If you have **one** drive, you may plug it into _either_ connector.
FluxEngine will autodetect it and treat it as drive 0. However, you'll
get the most reliable electrical signal if you plug it in at the end of
the cable.
**A note on termination:** some 5.25" drives require jumper configuration
to tell them whether they're at the end of the cable or in the middle of
the cable. 3.5" drives don't, and my 5.25" drives don't, so I can't
advise there. Consult your drive datasheet for details.
3. **Important.** Make sure that no disk you care about is in the drive.
(Because if your wiring is wrong and a disk is inserted, you'll corrupt
it.)
4. Connect the floppy drive to power. Nothing should happen. If you've
connected something in backwards, you'll see the drive light up, the motor
start, and if you didn't take the disk out, one track has just been wiped.
If this happens, check your wiring.
5. Strip off the little piece of protective plastic on the USB socket on the
board --- the little socket at the end, not the big programmer plug.
6. Connect the FluxEngine to your PC via USB.

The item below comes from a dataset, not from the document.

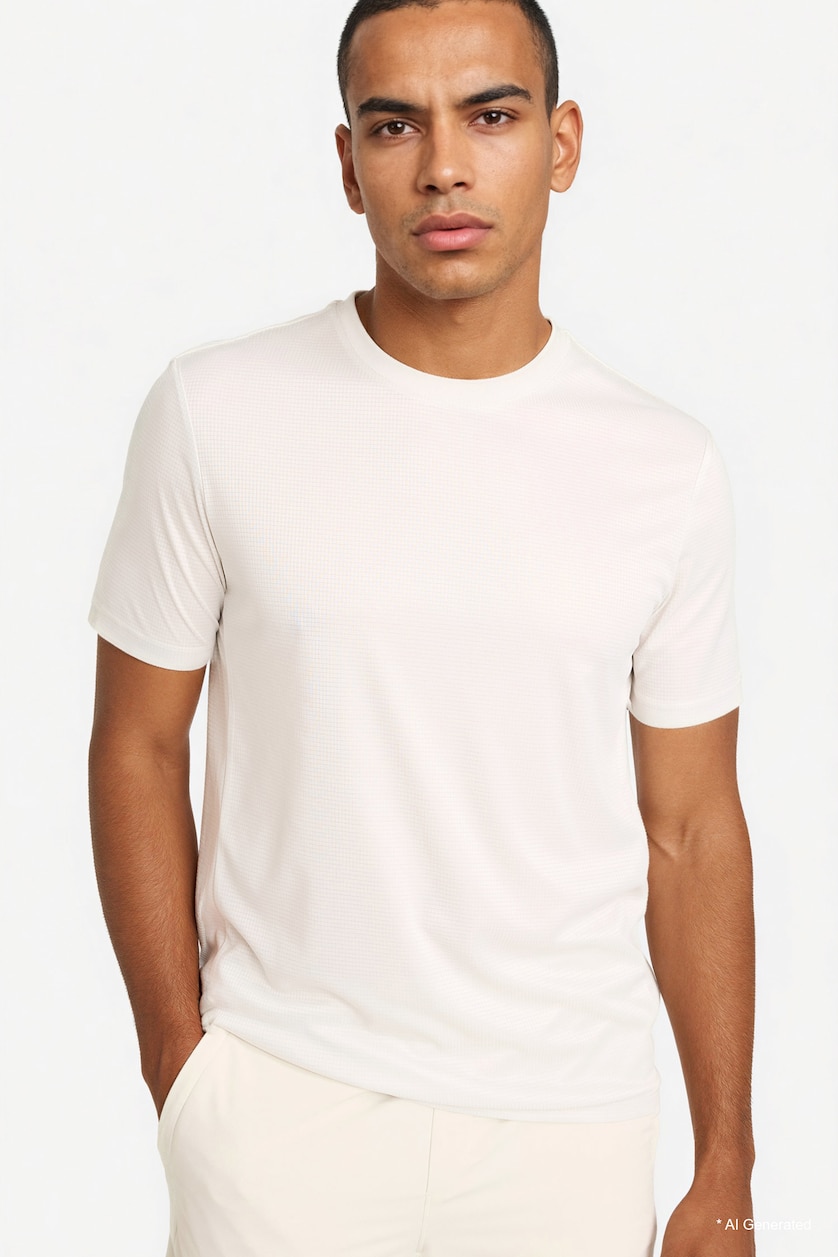 Men Stone Slim Fit Crew Neck Printed Sports T-Shirt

7. Insert a scratch disk and do `fluxengine rpm` from the shell. The motor
should work and it'll tell you that the disk is spinning at about 300
rpm for a 3.5" disk, or 360 rpm for a 5.25" disk. If it doesn't, please
[get in touch](https://github.com/davidgiven/fluxengine/issues/new).
8. Do `fluxengine test bandwidth` from the shell. It'll measure your USB
bandwidth. Ideally you should be getting above 800kB/s in both directions.
FluxEngine needs about 300kB/s for a DD disk and about 600kB/s for a HD
disk, so if you're getting less than this, try a different USB port.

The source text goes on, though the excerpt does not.